幸田露伴『五重塔』あらすじ紹介。ラストの大嵐のシーンは圧巻! 五重塔建立に身を捧げた大工職人の物語

文芸・カルチャー

更新日:2023/7/12

 幸田露伴の『五重塔』が、どんな内容か知りたいけど、ハードルの高さを感じて読むのを躊躇している方もいるかもしれません。確かに文語体で書かれた小説は読みにくいですよね。そこで本稿では、実際にあった五重塔の再建をモデルにしたというストーリーをわかりやすく紹介します。

五重塔

『五重塔』の作品解説

 著者の幸田露伴は夏目漱石、森鷗外と並び称される、日本近代文学を代表する作家です。

『五重塔』を執筆したのは1892年(明治25年)で、当時の露伴はわずか24歳。『運命』と合わせて幸田露伴の代表作とされ、これら文語体作品で文壇での地位を確立しました。

 自身による建立に固執する十兵衛の狂気にも似た執念と、築き上げられた五重塔が大嵐に揺さぶられるシーンが高く評価されており、十兵衛が源太と共に評される結末にはカタルシスを感じずにはいられません。

『五重塔』の主な登場人物

十兵衛:「のっそり」と蔑まれている大工
源太:棟梁として名高い大工
朗円上人:人々から慕われている高名な僧侶

『五重塔』のあらすじ

 時は江戸時代。腕は確かながら「のっそり」と愚鈍さを蔑まれていた大工の十兵衛は、谷中感応寺に五重塔が建てられると聞き、この仕事を成し遂げたいという熱望に駆られる。急ぎ発起人である朗円上人のもとへ赴いたが、既に高名な棟梁である源太の仕事に決まっていた。しかし、十兵衛の境遇に同情した上人は、二人で話し合いをして決めるよう諭す。共同建立など、あらゆる譲歩案を出す源太だが、十兵衛は頑なに拒否。やがて源太は怒りの言葉を吐き捨て立ち去ってしまう。

 しかし内心、葛藤していた源太は「上人様に決めて頂ければ、どちらに決めても一切のしこりは残しません」と願い出る。

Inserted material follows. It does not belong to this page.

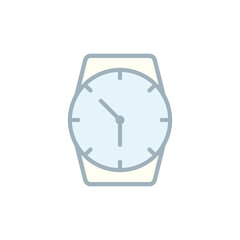 Wristwatch icon vector design templates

すると上人は、十兵衛も同じ話をしていったことを源太に告げる。そして「可愛がってやれ」という上人の言葉に涙し、十兵衛が五重塔の建立を担うことになった。

 宴の席で源太は役立ててほしいと十兵衛に五重塔の寸法書や下絵を渡すが、十兵衛は頑として受け取らない。それを聞き激昂した源太の弟分の清吉は、十兵衛の耳を削ぎ、肩に重傷を負わせる。だが、それでも休むことなく仕事に励む十兵衛の熱意が他の職人たちにも伝播し、ついに五重塔は完成する。

 ところが、落成式を前に暴風雨が江戸を襲う。五重塔に上り身一つで嵐と対峙する十兵衛。ついには暴風雨を耐えきった五重塔には、一寸一分の歪みも生じていなかった。落成式の後、上人は「江都の住人十兵衛之を造り、川越源太郎之を成す」と銘を入れた。これは五重塔の棟梁の座を譲った源太への報いであった。これには十兵衛も源太も言葉はなく、ただただ平伏して上人を拝むだけだった。